··· Source data
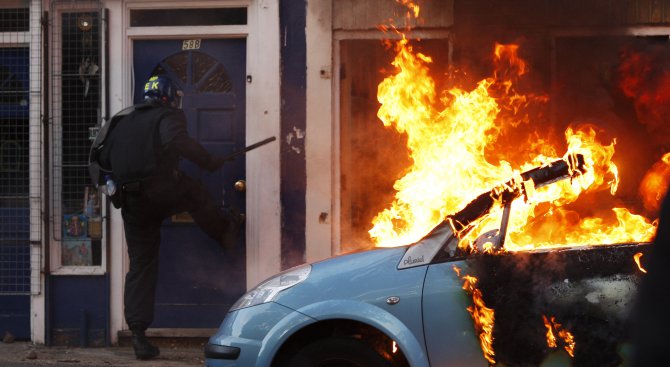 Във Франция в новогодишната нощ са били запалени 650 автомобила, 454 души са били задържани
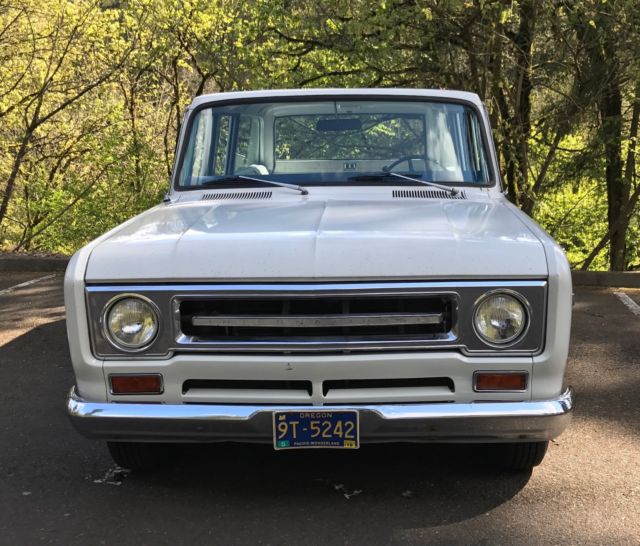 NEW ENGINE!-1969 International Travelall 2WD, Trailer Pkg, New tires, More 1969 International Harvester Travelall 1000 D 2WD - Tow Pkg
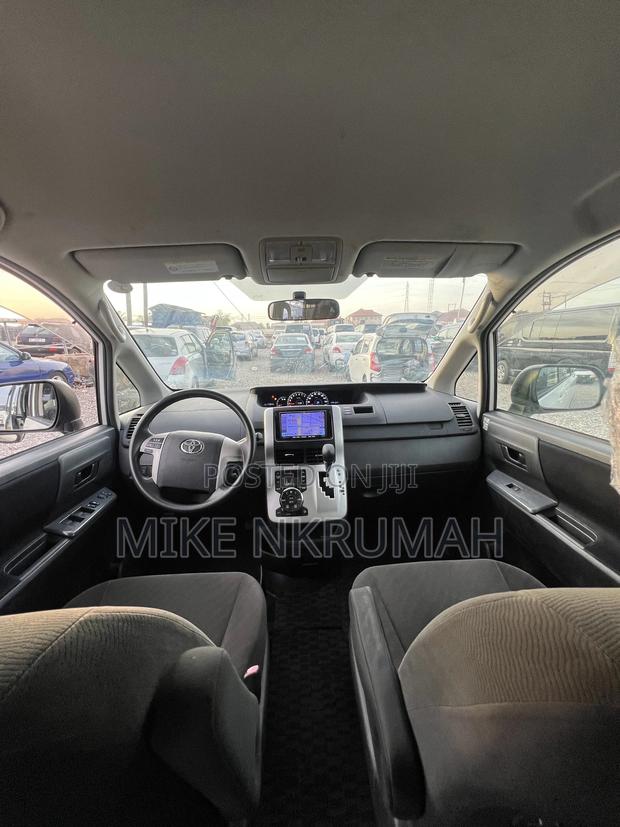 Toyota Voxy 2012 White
······
··· Source data
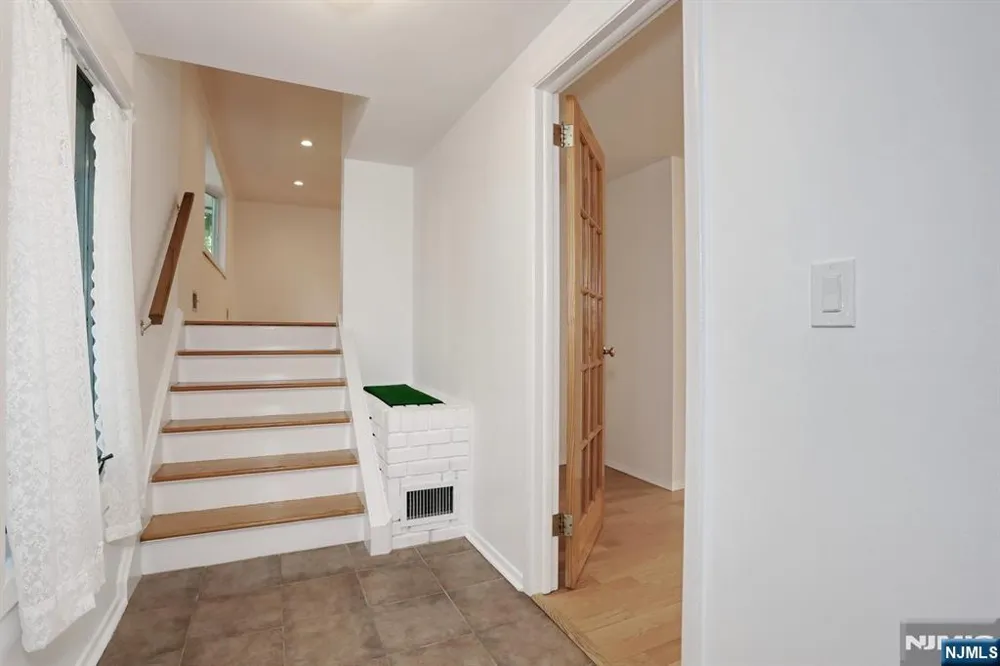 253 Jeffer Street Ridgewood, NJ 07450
······
··· Source data
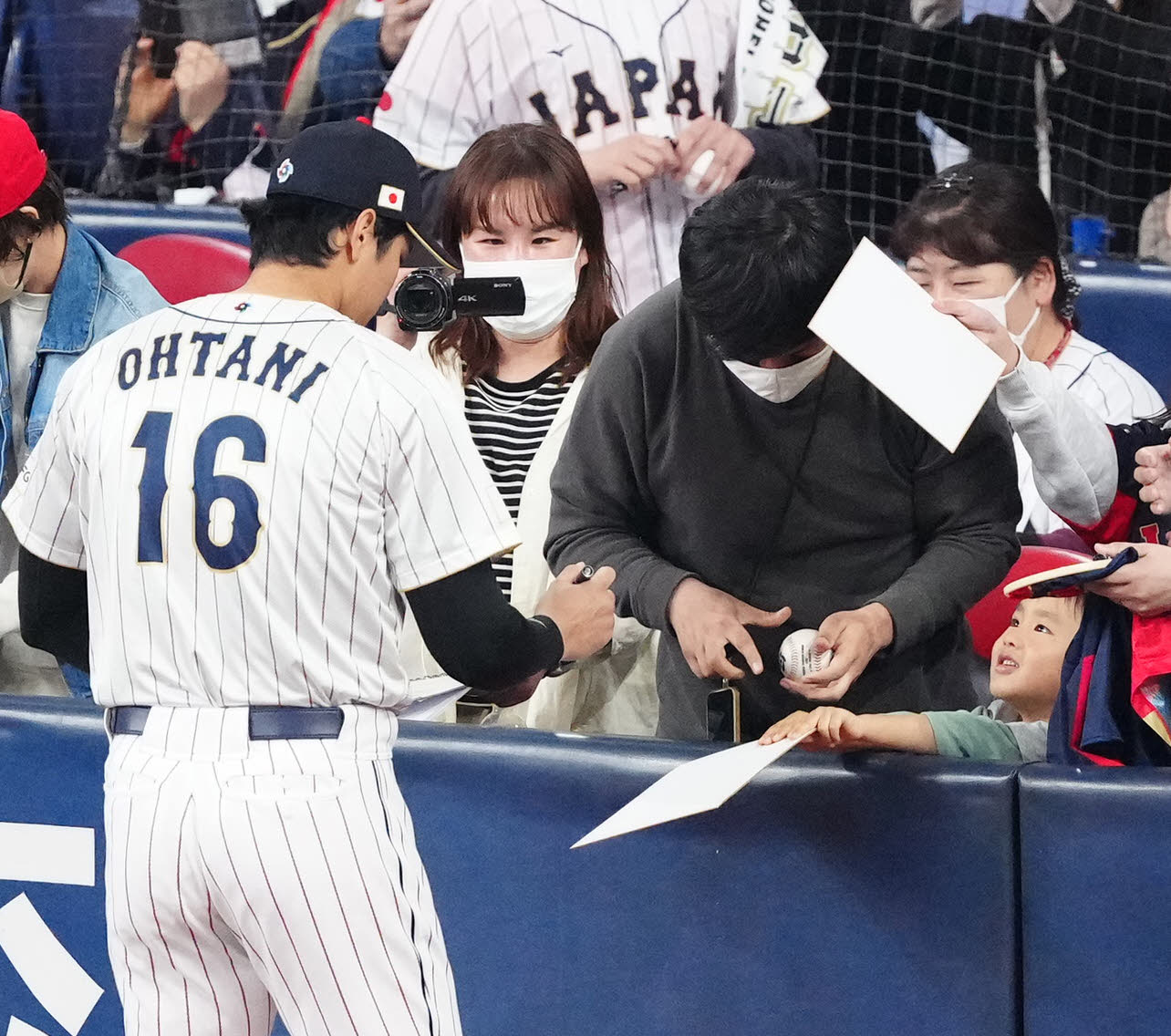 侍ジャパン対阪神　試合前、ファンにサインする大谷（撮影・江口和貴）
······
An exact copy of the lines above from the one with "Във Франция в" up to and including the one with "Toyota Voxy 2012 White" is required; reproduce only those lines, omitting all pictures.

 Във Франция в новогодишната нощ са били запалени 650 автомобила, 454 души са били задържани
 NEW ENGINE!-1969 International Travelall 2WD, Trailer Pkg, New tires, More 1969 International Harvester Travelall 1000 D 2WD - Tow Pkg
 Toyota Voxy 2012 White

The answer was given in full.